- Born: November 7, 1904 Kayyngdy, Semirechye Oblast, Russian Empire
- Died: June 19, 1988 (aged 83) Bishkek, Kyrgyz SSR, USSR
- Citizenship: Russian Empire, Soviet Union
- Education: National University of Uzbekistan
- Occupations: Writer, poet
- Children: 4
- Writing career
- Pen name: Balka
- Language: Kyrgyz
- Period: 1923–1927
- Notable awards: Hero of Socialist Labour Order of Lenin Order of the Red Banner of Labour Order of the Badge of Honour

= Aaly Tokombaev =

Kyrgyz writer and composer (1904–1988)

Aaly Tokombaev (Аалы Токомбаев; November 7, 1904 – June 19, 1988) was a poet, composer, and a famous novelist who greatly influenced the Kyrgyz nation. In 1927 he graduated from the Middle Asian Community University (presently National University of Uzbekistan, in Tashkent. After graduation, he fully devoted himself to Soviet Kyrgyz literature.
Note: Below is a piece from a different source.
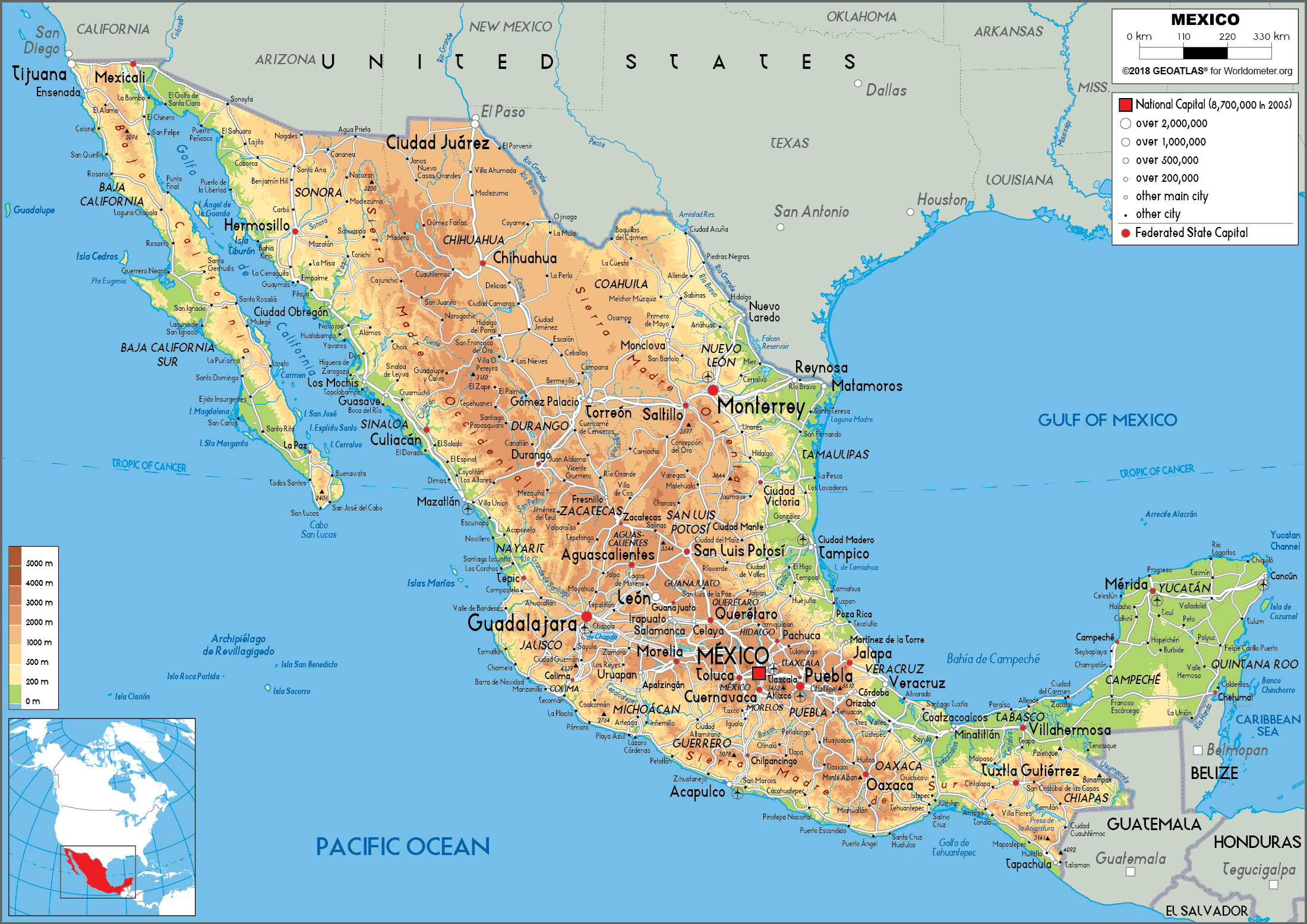Mexico physical map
In the following years of 1927 through 1940 he began to write a collection of poems. Tokombaev published the collections Lenin (1927), Flowers of Labor (1932), and Early Poems (1934) and the novellas The Dnieper Empties into the Deep Sea (1939) and The Wounded Heart (1940). Throughout the Great Patriotic War (1941–1945) he wrote patriotic and narrative poems through which he expressed his opinions, ideas, and beliefs.
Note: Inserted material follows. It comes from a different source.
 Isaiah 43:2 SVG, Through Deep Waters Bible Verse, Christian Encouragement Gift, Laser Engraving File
In his time Kyrgyzstan was the scene of a struggle between tsarism and Soviet rule. He wrote such novels as Before the Dawn, Part 1; Bloody Years (1935); Before the Dawn, Part 2 (1947). Through those books he expressed opinions on the unfair rule and treatment of the Kyrgyz people.

He died in 1988.

== Major works ==

(Russian/Kyrgyz titles in parentheses)
- About Lenin ("Ленин тууралу", 1927)
- Mirror of a woman ("Зеркало женщины", 1929)
- Flowers of work ("Эмгек гүлү", 1932)
- Attack ("Атака", 1932)
- Early verses ("Абалкы ырлар", 1934)
- Dnestr flow into deep sea ("Днестр терең деңизге куят", 1939)
- Wounded heart ("Жараланган жүрөк", 1940)
- With my own eyes ("Өз көзүм менен", 1952)
- My birth certificate ("Менин метрикам", 1955)
- Face to Face ("Лицом к лицу", 1957)
- Time flies ("Время летит", 1958)
- Investigation is going on ("Тергөө жүрүп жатат", 1962)
- Melodies of komuz ("Мелодии комуза", 1962)
- We were soldiers ("Мы были солдатами", 1974)
- Master ("Мастер", 1982)
- Toktogul ("Токтогул", 2014)

==Honours and awards==
- Hero of Socialist Labour (27 September 1974)
- Order of Lenin (28 February 1946, 27 September 1974)
- Order of the October Revolution (6 November 1984)
- Three Order of the Red Banner of Labour (14 April 1955, 1 November 1958, 11 January 1964)
- Order of the Badge of Honour (31 January 1951)
- State Prize of the Kirghiz SSR named after Toktogul Satylganov (1967).

==Legacy==

===Eponyms===

- Prospect after Aaly Tokombaev, a street in southern part of Bishkek, named in 1990.

===Memorials===
- Aaly Tokmbaev's memorial near Bishkek Opera and Ballet Theater.